## Data to use
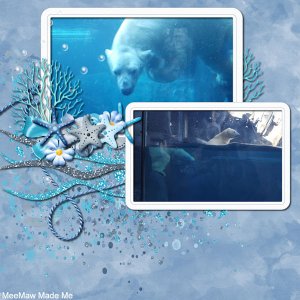 Polar Bear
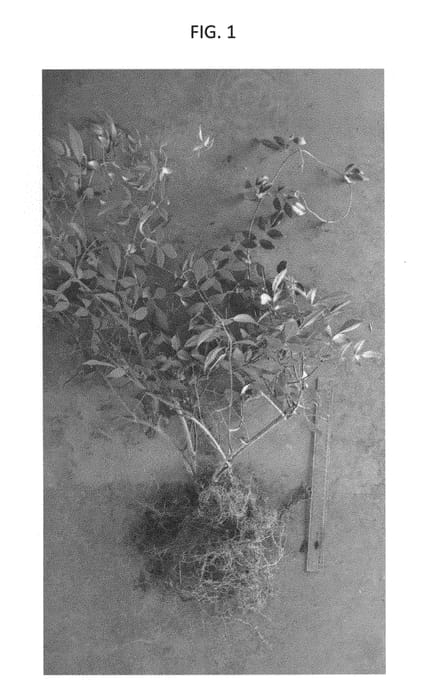 Figure 1 of US plant patent PP30042, the photograph of PJ01 printed in the patent.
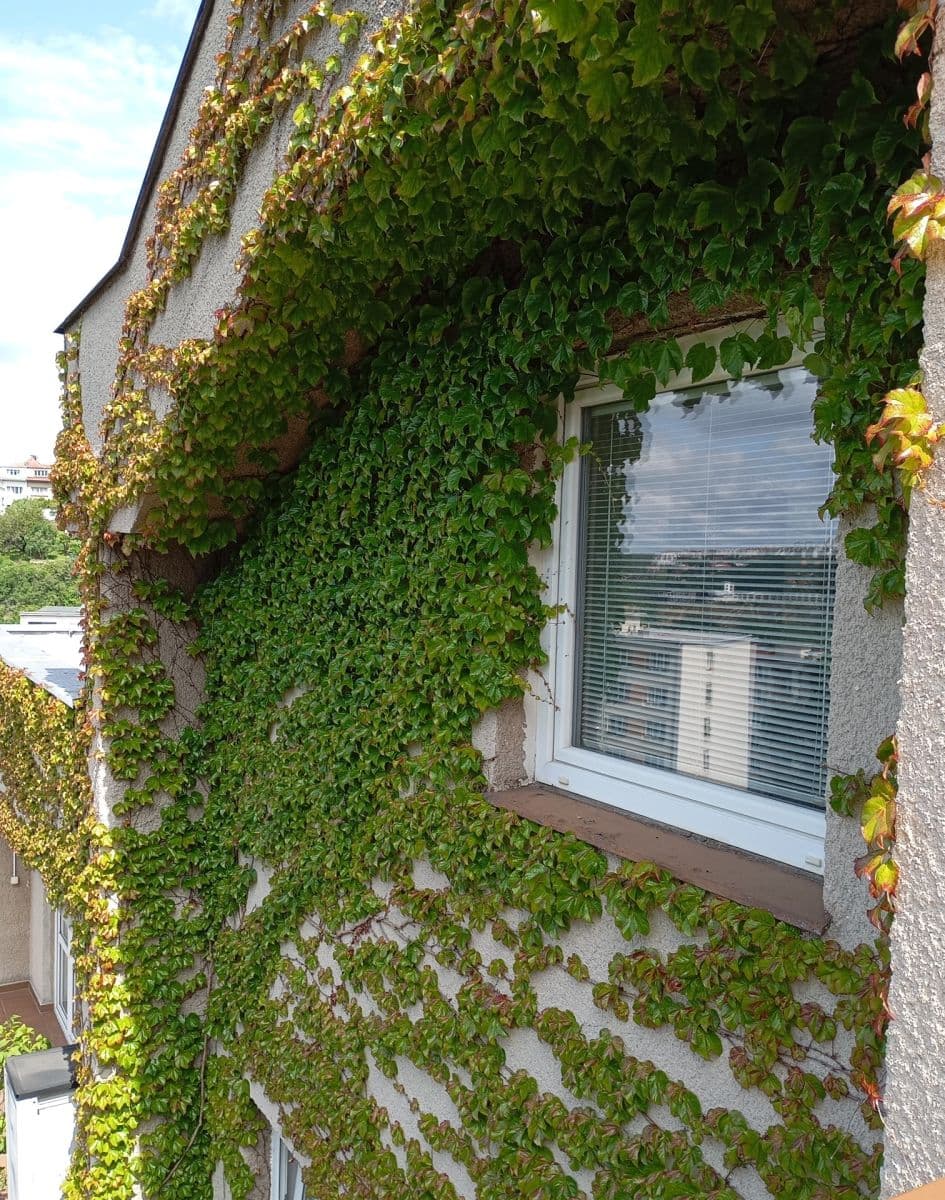 Pronájem bytu 2+1 57 m², Mezivrší, Praha, Praha Pronájem bytu 2+1 57 m², Mezivrší, Praha, Praha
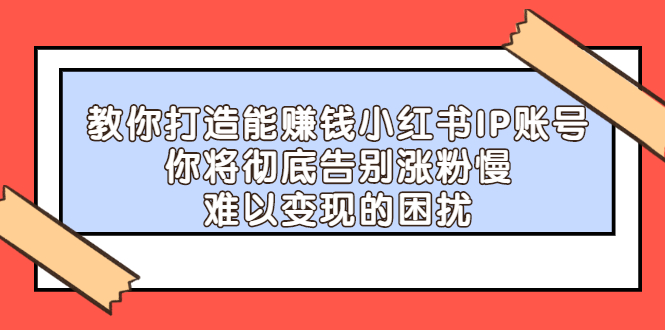 教你打造能赚钱小红书IP账号，了解透彻小红书的真正玩法-选优云网创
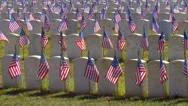 Military Cemetery With Flags On Graves Stock Footage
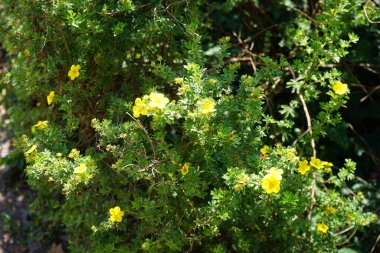 Sarı Potentilla fruticosa temmuzda bahçede çiçek açar. Potentilla, Rosaceae familyasından bir bitki türü. Berlin, Almanya 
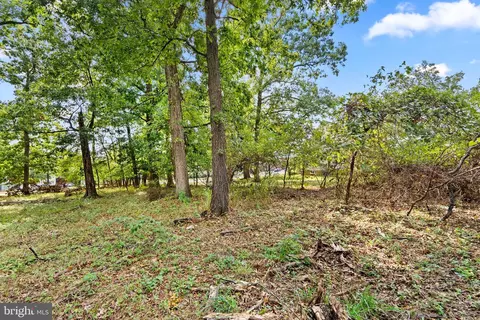 12211 Cherry Hill Rd, Silver Spring, MD 20904 photo 23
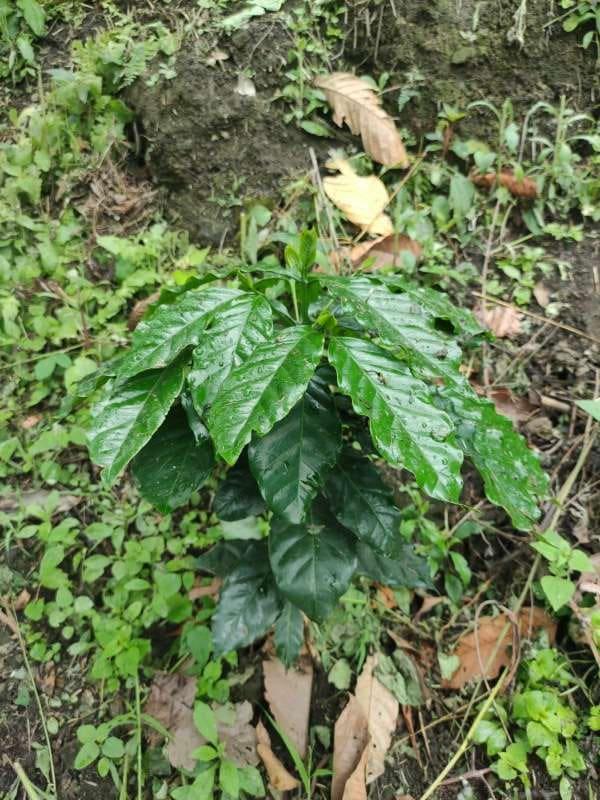 tree image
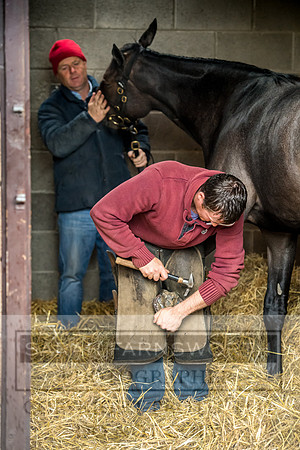 Goffs Orby 2017-604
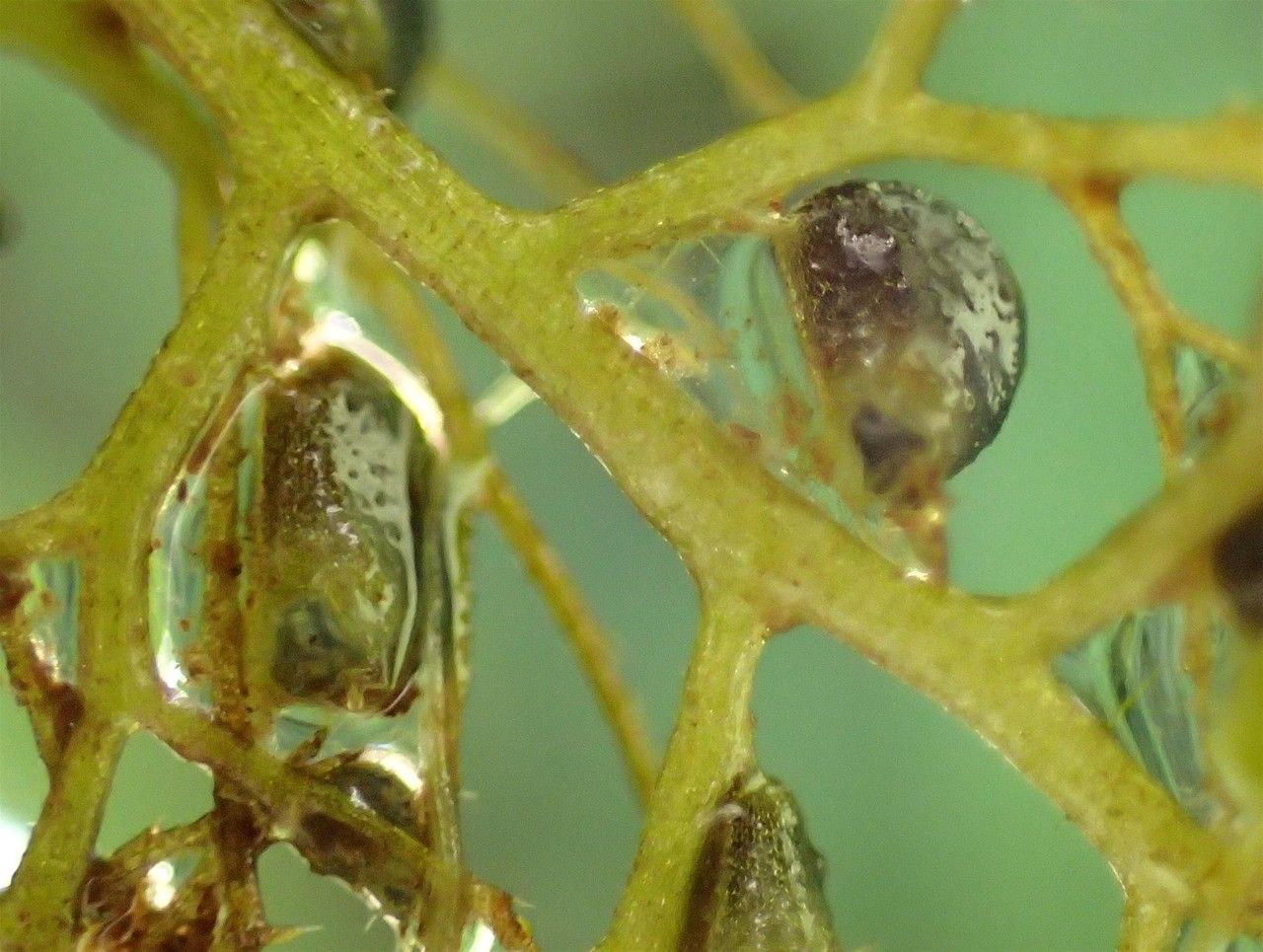 Utricularia australis fruit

## What the task asks
Could you reproduce the data above exactly, without its pictures?

## Answer box
 Polar Bear
 Figure 1 of US plant patent PP30042, the photograph of PJ01 printed in the patent.
 Pronájem bytu 2+1 57 m², Mezivrší, Praha, Praha Pronájem bytu 2+1 57 m², Mezivrší, Praha, Praha
 教你打造能赚钱小红书IP账号，了解透彻小红书的真正玩法-选优云网创
 Military Cemetery With Flags On Graves Stock Footage
 Sarı Potentilla fruticosa temmuzda bahçede çiçek açar. Potentilla, Rosaceae familyasından bir bitki türü. Berlin, Almanya 
 12211 Cherry Hill Rd, Silver Spring, MD 20904 photo 23
 tree image
 Goffs Orby 2017-604
 Utricularia australis fruit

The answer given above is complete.